When I was a kid, my school sat on top of a hill that became a veritable mountain of ice during winter.
I remember my classmates forming a human chain to drag each another up the hill toward the entrance. Sometimes, you’d nearly make it to the top and reach out toward those waiting hands, only to fall on your face and slide to the bottom once more.
Running-starts were encouraged, but often backfired.
I don’t miss the snow most days, but there are a few instances in which it could come in handy. Like the other day when it was 40 degrees Celsius and there was a raging bushfire on the edge of town.
If only we could have had one of those nice sub-zero, white-out moments at the crucial time.
Take that, bushfire!
I grew up in a house where the temperature was constant and my living room felt like a warm spring day, even in the middle of a snowstorm.

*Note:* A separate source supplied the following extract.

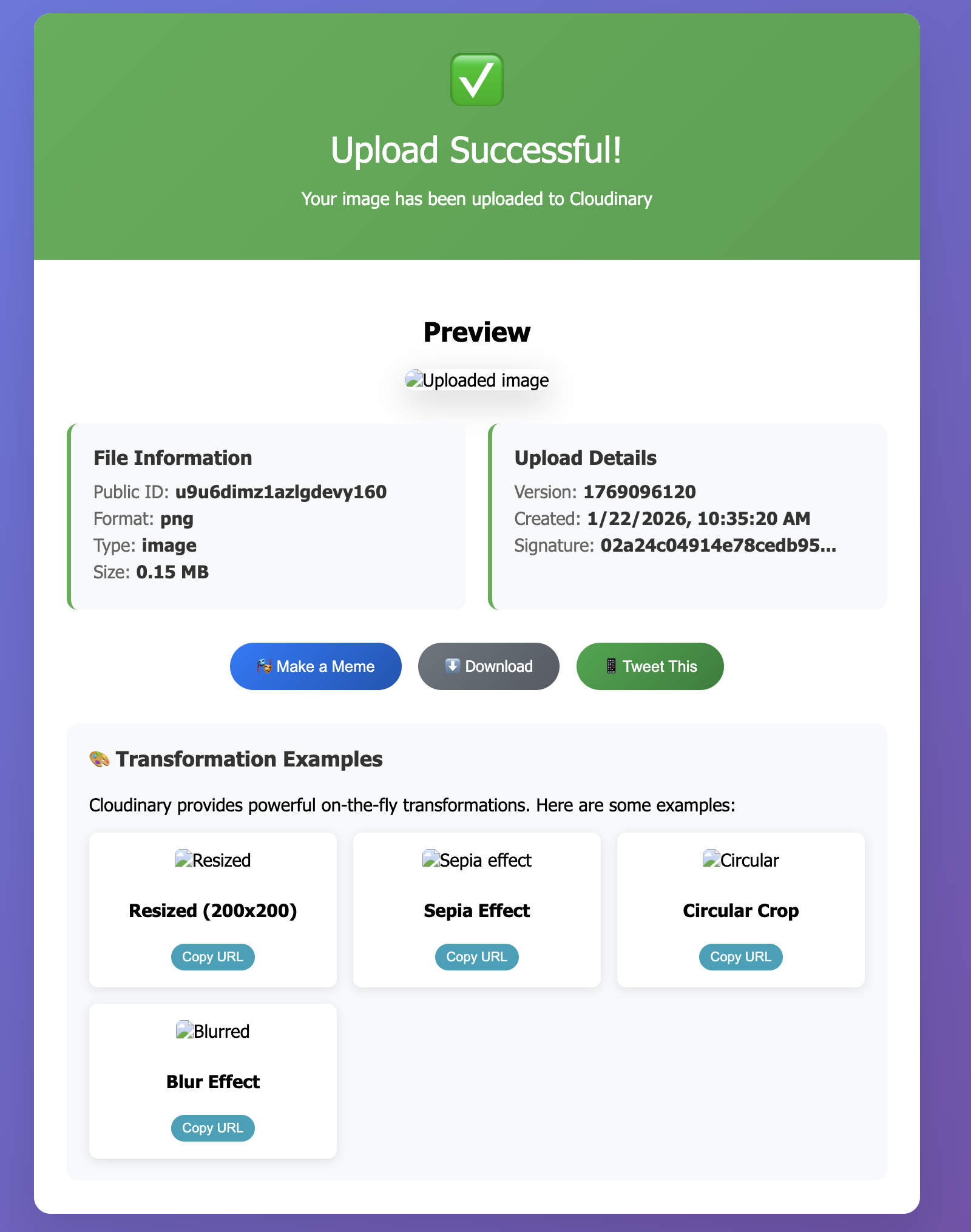 mcp app 的 csp 问题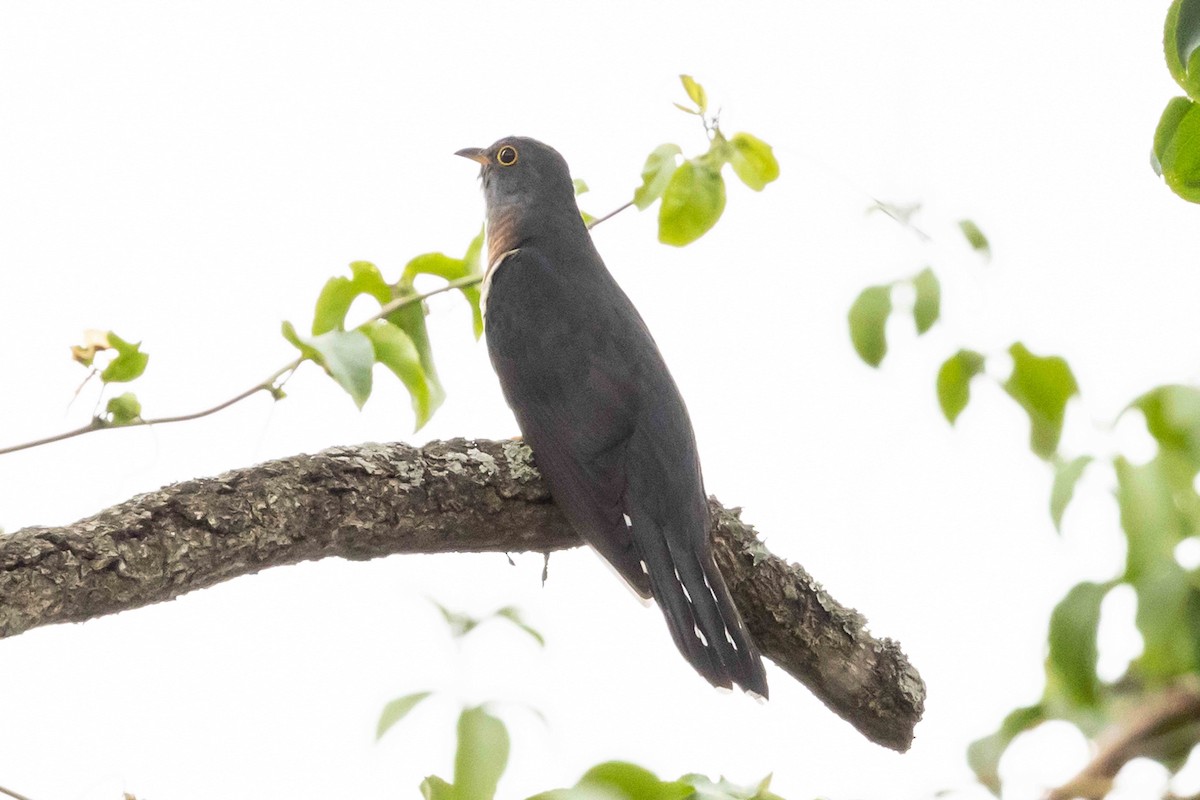 Red-chested Cuckoo - ML543335881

Funny enough, when I moved to South Australia, I had no idea how chilly it can get in winter. The houses here are built to keep heat out, not in, so central heating and double-glazed windows are uncommon.

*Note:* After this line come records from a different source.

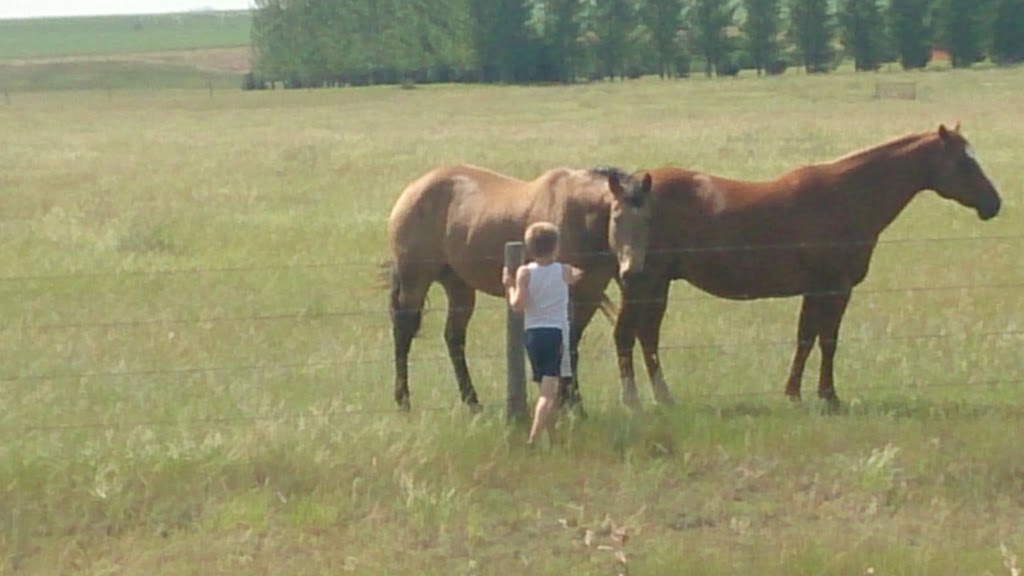 Hitchcocks Hideaway | Lake Diefenbaker, Birsay, SK S0L 0G0, Canada | Phone: (306) 573-4446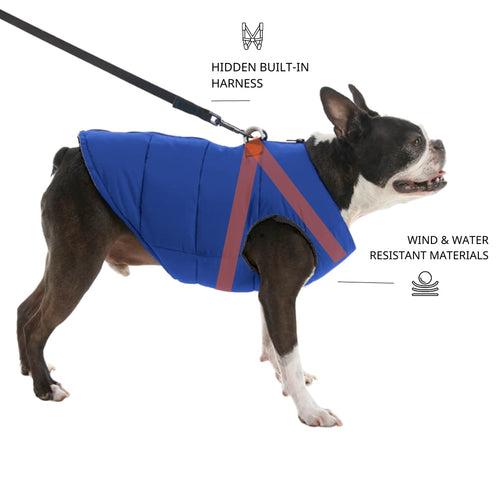 Zoomiez Ultimate Dog Jacket With Built in Harness - Blue
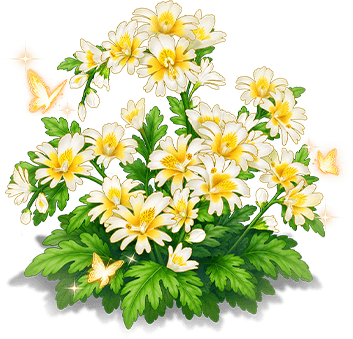 黃澄蛾蝶花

It’s very strange to wake up in the middle of the night freezing your butt off, wondering why you decided to move to Australia in the first place.
French Directions on my Food
Most of you will know that Canada is officially bilingual.

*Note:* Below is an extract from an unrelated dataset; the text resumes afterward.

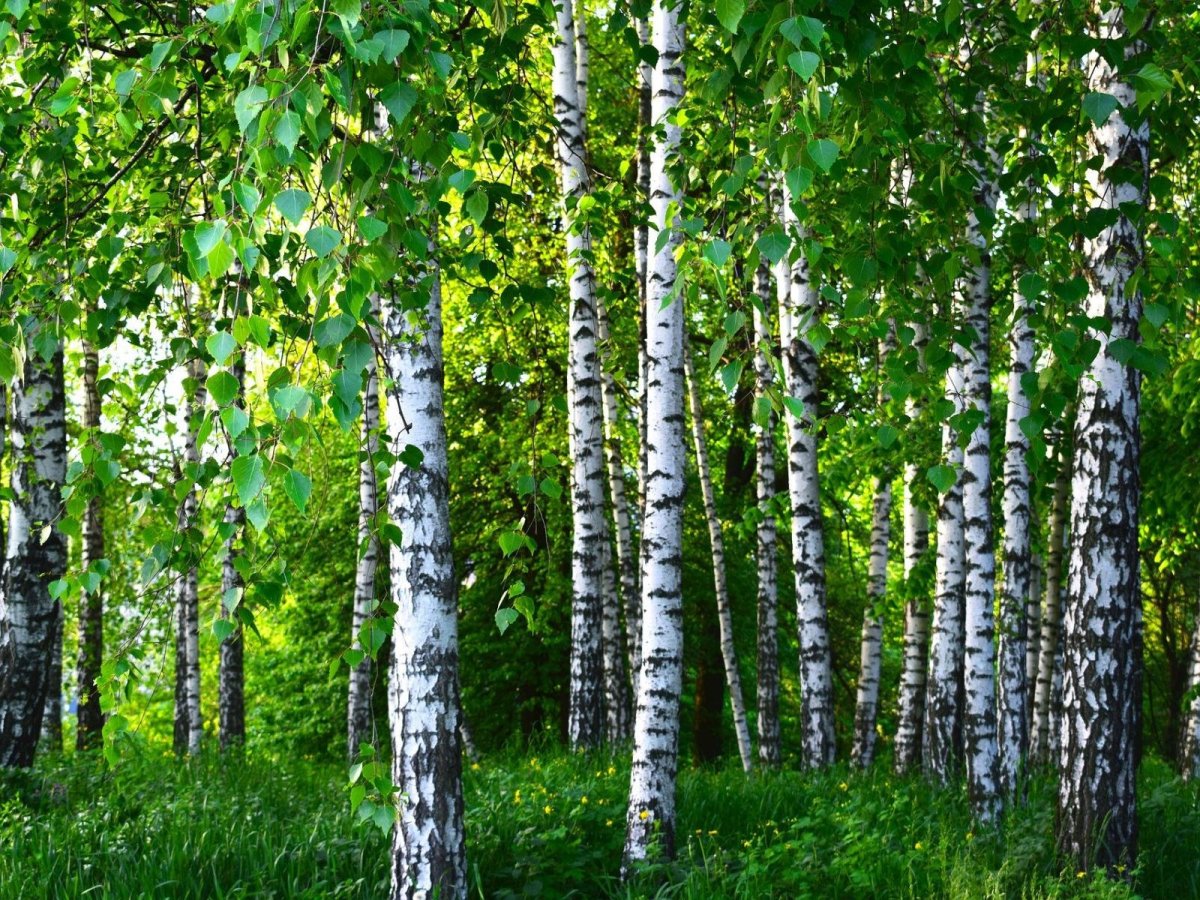 Березовая роща Тверь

Despite several years of compulsory school lessons, I don’t speak French (other than a few bonjours and chapeaus and ooo-la-las). Still, I kind of miss not having French labels and directions on all my food.
It’s one of those things you don’t even notice until it isn’t there anymore. I grew up seeing French on the back of everything, so there’s always some part of me that instinctively turns an Australian soup can expecting to see Mode d’emploi. I’m always disappointed.
I miss challenging myself to interpret the French side of the cereal box whilst I enjoy my breakfast.
Is that wrong?
Australians don’t beat around the bush; they say what they mean.
Canadians use the washroom. Aussies go to the toilet.
I remember in kindergarten when toilet was a dirty word. Having to say toilet in front of one’s peers was a fate worse than death. Consequently, I refrain from using the word whenever humanly possible.
Also, Australians refer to both the room and fixture as the toilet.
“Hey, where’d you put my book?”
“In the toilet, Mate.”
See what I mean? Totally wrong.
Finns and their Saunas
My hometown is almost entirely populated by Finnish people. Apparently, they think northern Ontario is very similar to Finland. It’s cold, it’s boreal, and they love it.
I’m not Finnish, but I do love sweating-it-out in a sauna, then jumping in the frigid lake.
I also miss meeting people named Jussi and Markku and Tuija and Heikki, which are all perfectly common names where I come from.
Most of all, I miss old Finnish ladies who make cabbage rolls and sell them at church bazaars.
In fact, I don’t remember the last time I encountered a good bazaar in Australia.
Completely Irresponsible Water Use
When you grow up near a lake like Superior, you never need to worry about water.
Australia, though surrounded by water on all sides, is the driest continent in the world. It actually feels cruel to stand on the parched ground, gazing at all that beautiful foamy sea, and know you can’t drink it.
We Canadians should definitely do more to conserve the water we’re so blessed to have, but I do miss being able to run through a sprinkler on a summer’s day, or rinse my car with a hose, or have a hot bath.
There’s no place like home
While I’m not in any hurry to race back to the great white north permanently, I do love when something reminds me of my home, and all the reasons I think its great.
O Canada. Maples, moose and mountains. The rich scent of poutine wafting from the kitchen. Anne of Green Gables. The fur trade. Newfies. Tundra. Heck, I’d even go as far as to say Celine Dion (but only when I’m feeling really sentimental).
Sometimes you have to let go of things before you can truly appreciate them.
Where’s home to you? Is the grass really greener on the other side?
What are you taking for granted today?